Below are entries; output exactly the lines from the one with "how common is theft in antigua guatemala" to the one with "Cruise the Waterways", both included, and nothing else.

─── EXTRACTED INFORMATION ───

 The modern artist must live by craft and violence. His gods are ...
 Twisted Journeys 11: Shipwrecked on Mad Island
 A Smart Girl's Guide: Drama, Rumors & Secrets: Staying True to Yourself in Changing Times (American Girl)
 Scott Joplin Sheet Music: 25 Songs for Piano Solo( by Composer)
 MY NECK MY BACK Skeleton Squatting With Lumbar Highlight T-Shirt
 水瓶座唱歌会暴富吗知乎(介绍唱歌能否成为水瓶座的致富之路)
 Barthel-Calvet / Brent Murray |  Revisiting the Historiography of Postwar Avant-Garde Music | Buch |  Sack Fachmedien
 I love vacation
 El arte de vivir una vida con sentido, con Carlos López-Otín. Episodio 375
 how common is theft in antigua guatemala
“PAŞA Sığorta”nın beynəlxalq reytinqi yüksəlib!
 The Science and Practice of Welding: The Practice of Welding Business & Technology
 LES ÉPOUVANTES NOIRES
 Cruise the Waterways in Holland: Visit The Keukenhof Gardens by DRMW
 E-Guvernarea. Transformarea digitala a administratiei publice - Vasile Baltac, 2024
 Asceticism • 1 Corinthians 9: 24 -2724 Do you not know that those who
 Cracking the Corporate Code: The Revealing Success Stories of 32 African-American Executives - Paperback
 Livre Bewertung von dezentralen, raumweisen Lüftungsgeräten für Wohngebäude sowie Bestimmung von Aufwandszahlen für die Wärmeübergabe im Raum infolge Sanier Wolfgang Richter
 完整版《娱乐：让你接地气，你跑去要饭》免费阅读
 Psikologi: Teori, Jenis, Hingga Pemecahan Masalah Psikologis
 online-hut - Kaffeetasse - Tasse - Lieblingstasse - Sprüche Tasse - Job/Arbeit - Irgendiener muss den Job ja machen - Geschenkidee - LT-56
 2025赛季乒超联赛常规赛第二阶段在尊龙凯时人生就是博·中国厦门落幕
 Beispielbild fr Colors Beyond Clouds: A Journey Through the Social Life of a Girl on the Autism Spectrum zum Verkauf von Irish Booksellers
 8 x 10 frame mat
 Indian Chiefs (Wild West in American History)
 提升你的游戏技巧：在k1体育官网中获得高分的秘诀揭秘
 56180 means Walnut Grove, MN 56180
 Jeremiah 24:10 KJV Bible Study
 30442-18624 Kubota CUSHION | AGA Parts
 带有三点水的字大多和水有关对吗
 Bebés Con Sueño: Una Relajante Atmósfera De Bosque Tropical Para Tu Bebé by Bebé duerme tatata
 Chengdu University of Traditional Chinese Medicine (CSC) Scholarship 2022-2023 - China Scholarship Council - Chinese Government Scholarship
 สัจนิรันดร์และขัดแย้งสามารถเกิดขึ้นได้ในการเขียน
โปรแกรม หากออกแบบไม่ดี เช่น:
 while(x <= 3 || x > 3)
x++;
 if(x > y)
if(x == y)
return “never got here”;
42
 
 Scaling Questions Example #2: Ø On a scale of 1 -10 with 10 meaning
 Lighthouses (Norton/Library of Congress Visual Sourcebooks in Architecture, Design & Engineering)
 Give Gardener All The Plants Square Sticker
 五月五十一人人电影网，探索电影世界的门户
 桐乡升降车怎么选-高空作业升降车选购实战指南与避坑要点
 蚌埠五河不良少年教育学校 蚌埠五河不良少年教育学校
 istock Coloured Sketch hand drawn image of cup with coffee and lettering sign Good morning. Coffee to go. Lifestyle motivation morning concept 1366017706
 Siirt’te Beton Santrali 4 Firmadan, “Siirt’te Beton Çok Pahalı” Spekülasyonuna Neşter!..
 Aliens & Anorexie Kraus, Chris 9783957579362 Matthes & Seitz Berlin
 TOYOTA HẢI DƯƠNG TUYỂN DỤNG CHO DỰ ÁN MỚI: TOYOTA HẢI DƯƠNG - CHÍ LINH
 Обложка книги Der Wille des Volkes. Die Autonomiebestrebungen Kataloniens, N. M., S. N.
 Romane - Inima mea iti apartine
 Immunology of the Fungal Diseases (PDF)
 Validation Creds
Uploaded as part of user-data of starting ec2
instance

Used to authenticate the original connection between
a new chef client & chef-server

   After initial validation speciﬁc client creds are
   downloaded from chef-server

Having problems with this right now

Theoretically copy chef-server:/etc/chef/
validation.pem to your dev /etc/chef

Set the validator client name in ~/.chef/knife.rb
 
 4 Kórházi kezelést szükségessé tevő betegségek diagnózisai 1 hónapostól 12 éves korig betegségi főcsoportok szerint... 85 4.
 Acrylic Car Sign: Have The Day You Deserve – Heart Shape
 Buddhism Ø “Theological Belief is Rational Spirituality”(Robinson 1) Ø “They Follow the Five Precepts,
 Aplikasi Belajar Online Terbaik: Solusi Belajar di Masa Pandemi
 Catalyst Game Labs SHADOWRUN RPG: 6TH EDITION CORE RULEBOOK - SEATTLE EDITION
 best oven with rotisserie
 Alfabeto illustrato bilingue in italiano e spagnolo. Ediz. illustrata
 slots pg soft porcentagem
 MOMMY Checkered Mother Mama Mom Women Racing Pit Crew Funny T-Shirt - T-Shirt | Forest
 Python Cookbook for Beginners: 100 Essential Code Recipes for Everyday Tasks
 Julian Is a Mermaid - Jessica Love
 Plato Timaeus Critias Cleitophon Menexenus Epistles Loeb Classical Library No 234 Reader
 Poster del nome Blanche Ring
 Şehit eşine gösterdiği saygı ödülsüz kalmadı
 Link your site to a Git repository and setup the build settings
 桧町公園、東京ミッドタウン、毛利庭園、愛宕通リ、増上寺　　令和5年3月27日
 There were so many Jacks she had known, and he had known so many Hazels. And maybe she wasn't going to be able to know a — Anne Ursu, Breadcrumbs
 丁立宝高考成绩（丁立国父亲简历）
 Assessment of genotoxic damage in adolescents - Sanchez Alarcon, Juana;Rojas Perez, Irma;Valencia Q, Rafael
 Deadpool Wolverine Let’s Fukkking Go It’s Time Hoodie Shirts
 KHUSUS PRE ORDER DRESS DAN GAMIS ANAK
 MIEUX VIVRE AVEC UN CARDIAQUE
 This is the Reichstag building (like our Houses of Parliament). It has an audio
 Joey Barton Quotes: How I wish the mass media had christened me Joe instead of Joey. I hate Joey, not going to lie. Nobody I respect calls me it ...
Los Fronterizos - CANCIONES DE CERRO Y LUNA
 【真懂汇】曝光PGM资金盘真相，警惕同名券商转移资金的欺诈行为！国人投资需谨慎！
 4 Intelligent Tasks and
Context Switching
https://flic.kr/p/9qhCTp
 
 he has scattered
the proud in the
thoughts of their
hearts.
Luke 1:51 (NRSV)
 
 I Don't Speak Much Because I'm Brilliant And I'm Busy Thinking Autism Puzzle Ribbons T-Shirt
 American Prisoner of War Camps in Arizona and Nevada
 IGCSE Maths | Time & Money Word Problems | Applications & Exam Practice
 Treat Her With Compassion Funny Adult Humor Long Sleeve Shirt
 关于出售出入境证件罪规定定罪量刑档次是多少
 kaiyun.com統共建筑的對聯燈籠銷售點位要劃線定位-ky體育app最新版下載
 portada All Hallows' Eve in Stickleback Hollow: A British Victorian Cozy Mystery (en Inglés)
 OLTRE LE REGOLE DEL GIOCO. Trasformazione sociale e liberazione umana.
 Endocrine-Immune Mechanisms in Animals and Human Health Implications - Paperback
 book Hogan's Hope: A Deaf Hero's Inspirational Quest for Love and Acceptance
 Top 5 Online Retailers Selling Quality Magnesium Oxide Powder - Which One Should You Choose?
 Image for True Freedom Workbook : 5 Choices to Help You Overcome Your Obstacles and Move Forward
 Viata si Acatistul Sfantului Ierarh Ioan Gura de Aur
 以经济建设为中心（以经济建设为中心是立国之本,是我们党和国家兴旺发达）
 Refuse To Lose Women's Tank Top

───

**OUTPUT BELOW**
 how common is theft in antigua guatemala
“PAŞA Sığorta”nın beynəlxalq reytinqi yüksəlib!
 The Science and Practice of Welding: The Practice of Welding Business & Technology
 LES ÉPOUVANTES NOIRES
 Cruise the Waterways in Holland: Visit The Keukenhof Gardens by DRMW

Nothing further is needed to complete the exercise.